**To do:** Once the line holding "Шампунь для зволоження" is found in the entries below, restate it and each line after it word for word, with no pictures.

** Data for this exercise follows **

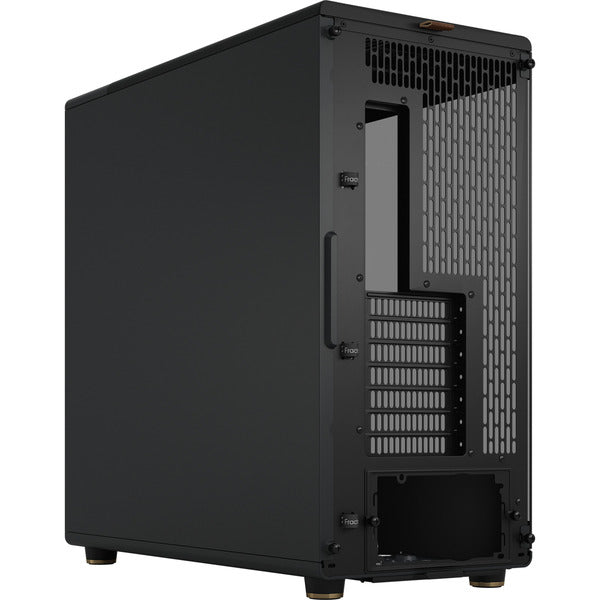 Fractal Design North XL RC Charcoal Black TG Dark, Tower-Gehäuse - Fractal Design - vue 13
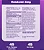 Melatonina 3mg, Time Release, 45 Gomas Sabor Morango, Natrol - Imagem 2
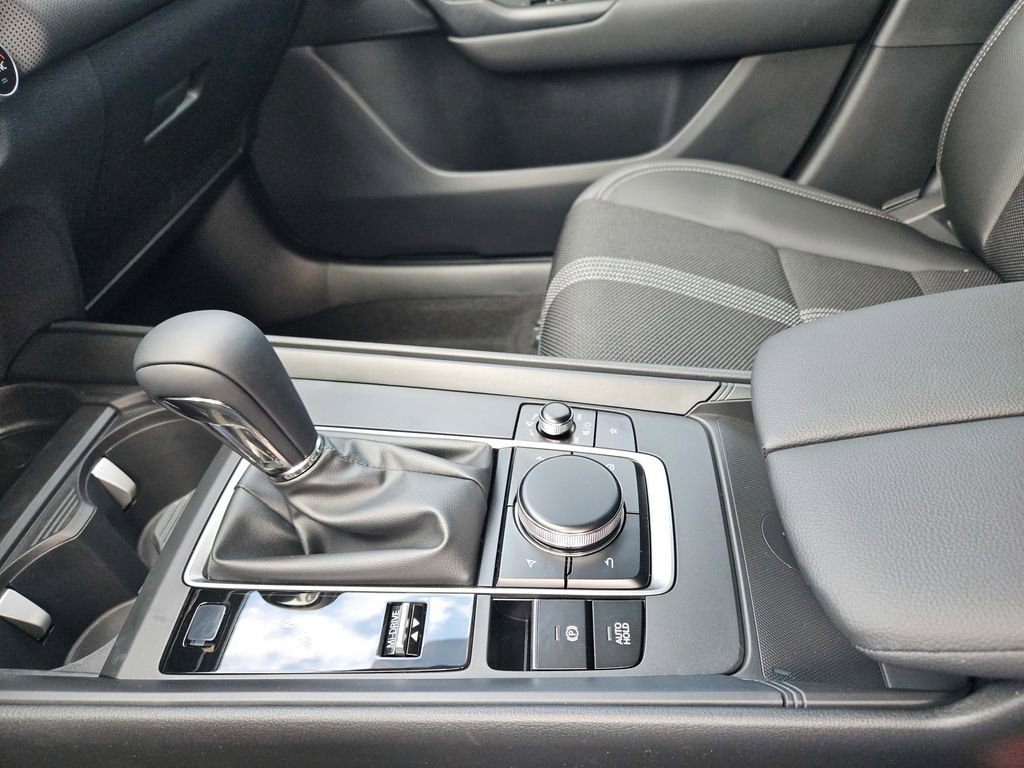 New 2026 MAZDA CX-50 Meridian Edition w/ Weather Package image 12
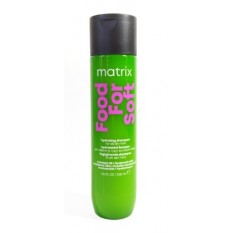 Шампунь для зволоження волосся «Matrix» Foot For Soft Shampoo 300ml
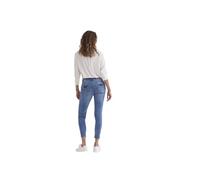 Cream Femme Crholly - Baiily Fit 7/8 Jeans, Light Blue Denim, 30 EU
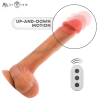 Mr. Intense Bradley Dildo Heat Remote 21cm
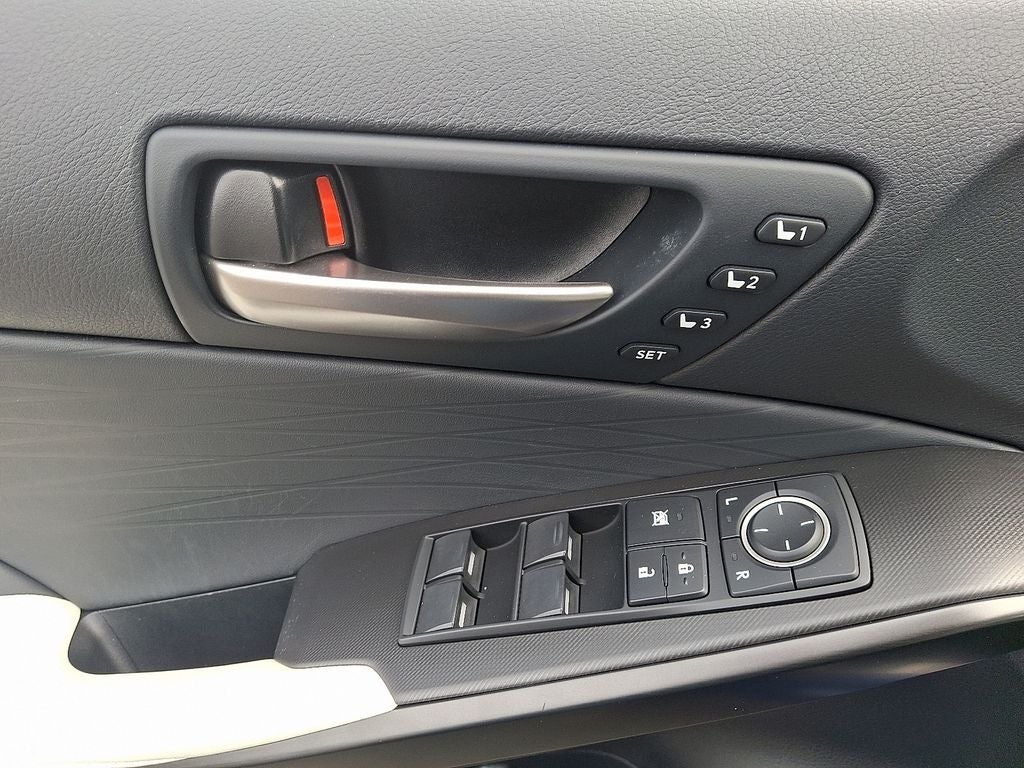 2023 Lexus IS 350 F SPORT 350 F SPORT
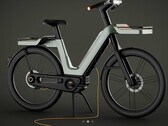 Noch ist das Magic Bike ein Konzept von Decathlon für den Pendler der Zukunft
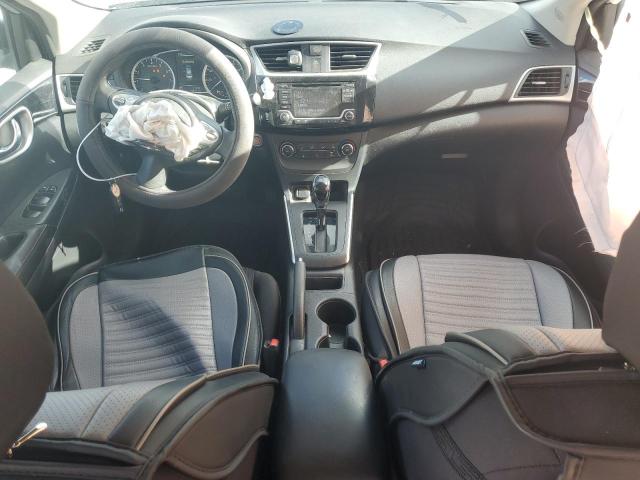 2017 NISSAN SENTRA S - 3N1AB7AP4HL671000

** End of Data for this exercise **

**Solution for this task:**
 Шампунь для зволоження волосся «Matrix» Foot For Soft Shampoo 300ml
 Cream Femme Crholly - Baiily Fit 7/8 Jeans, Light Blue Denim, 30 EU
 Mr. Intense Bradley Dildo Heat Remote 21cm
 2023 Lexus IS 350 F SPORT 350 F SPORT
 Noch ist das Magic Bike ein Konzept von Decathlon für den Pendler der Zukunft
 2017 NISSAN SENTRA S - 3N1AB7AP4HL671000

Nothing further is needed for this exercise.